Le changement dans la loi provoque une inégalité encore plus sévère avec les employés non taillés.

Avant ces changements, les serveurs déjà Faisaient beaucoup plus que des cuisiniers et des lave-vaisselle de ligne, qui sont plus susceptibles d’être des immigrants assumer le soutien d’une famille. Si le Congrès adopte le projet de loi sur les impôts et dépenses de Donald Trump, qui contient de nouveaux allégements fiscaux pour les travailleurs à basculement, cela fera pencher le solde (sans jeu de mots) encore plus en faveur des serveurs. Sanchez a déclaré que l’un des aspects les plus tristes de la crise est que cela l’empêche de faire plus pour ses employés de cuisine.
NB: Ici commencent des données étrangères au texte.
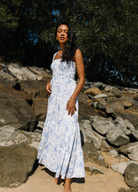 ESTL Katerina Maxi Dress in Blue and white print maxi dress
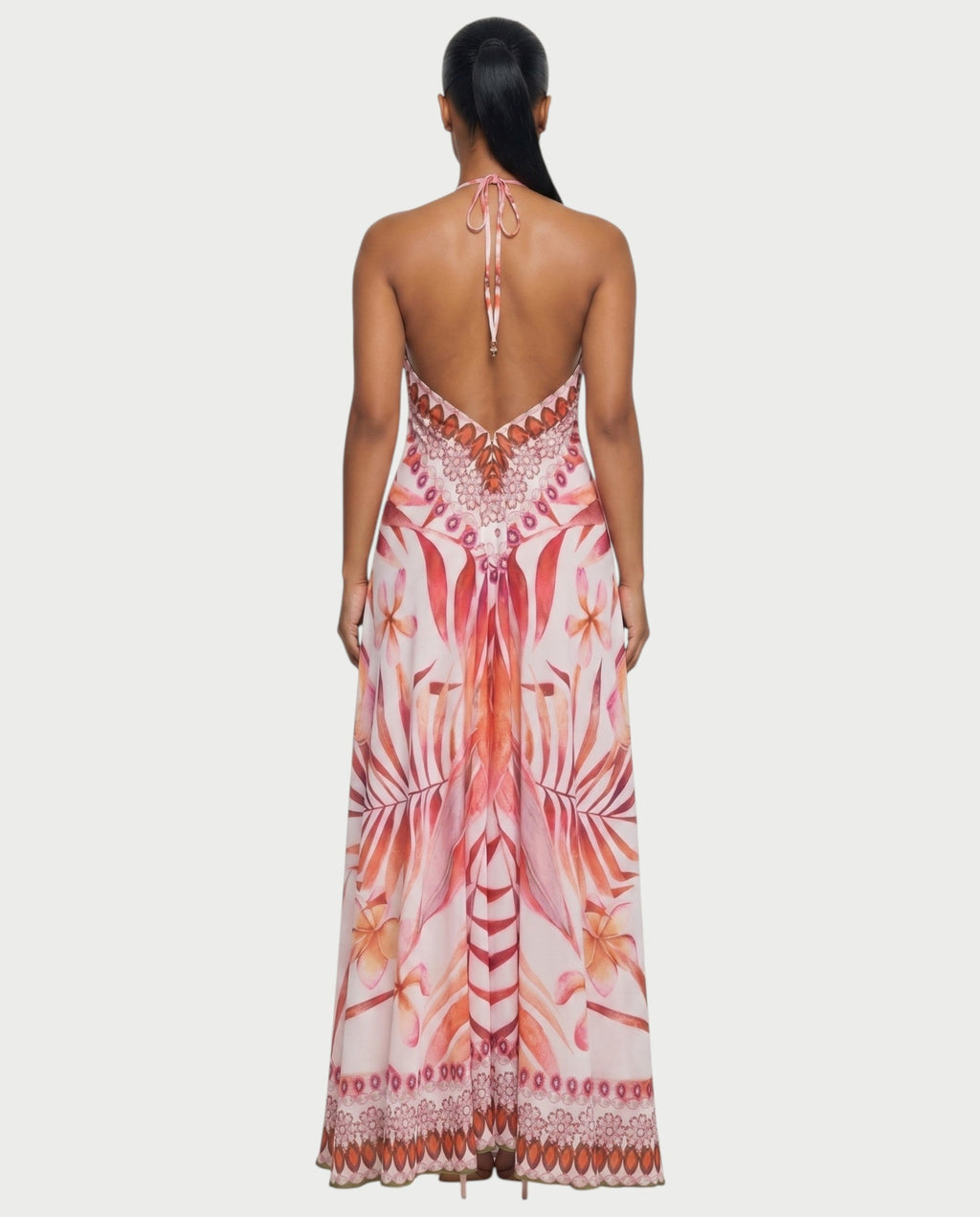 ARCIA Floral Ombre Flowing Halter Maxi Dress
Alors que faire? Autrement dit, le conseil municipal devrait arrêter cette folie avant de perdre plus de restaurants.

Muriel Bowser, maire de Washington, DC, a proposé le mois dernier pour abroger l’initiative 82 – la loi de trois ans qui élimine le salaire minimum à pointe de DC. Elle sait que cela n’a pas fonctionné. “Nous pensons que nos restaurants sont confrontés à une tempête parfaite avec des coûts opérationnels et d’approvisionnement accrus, des loyers plus élevés et des défis de main-d’œuvre uniques”, a-t-elle déclaré, faisant valoir que cela faisait partie de son travail de “s’assurer que nos restaurants peuvent rivaliser, survivre, se développer et employer des résidents de DC”, a rapporté Axios. Amen.

Pendant ce temps, à Chicago, le maire Johnson n’a fait aucune déclaration de telles, insistant sur le fait que la ville va avancer avec ses augmentations. Ses applications sur le conseil municipal ont soutenu que le secteur se porte très bien.

C’est un non-sens. Seuls les restaurants financés par des chaînes et des groupes de capital-investissement se développent à Chicago. Pour les indépendants, c’est une crise existentielle.

Au strict minimum, le conseil municipal devrait arrêter l’augmentation du salaire minimum pour le bas et le laisser à son taux actuel, 11,02 $ l’heure. Très probablement, il devrait prendre cette mesure avec une majorité des deux tiers, afin d’empêcher un veto, étant donné que les plaidoyers des restaurants de Chicago jusqu’à présent sont tombés sur des oreilles de maire non réceptives. Il y a une ordonnance en attente en comité, comme proposé par Ald. Bennett Lawson, 44e, qui abrogerait tout ce mésée malavisée. Idéalement, le conseil municipal écouterait ses collègues dirigeants démocrates de Washington et de Boston et admettrait que cela n’a pas fonctionné.

Une fois pressée par nous, Toia a déclaré que l’Illinois Restaurant Association, qu’il a décrit comme «progressiste et pragmatique», pourrait vivre avec une pause plutôt que comme une abrogation.

C’est le moins que le conseil municipal devrait faire pour sauver les restaurants de Chicago.

Soumettez une lettre, pas plus de 400 mots, à l’éditeur ici ou envoyez un e-mail à [email protected].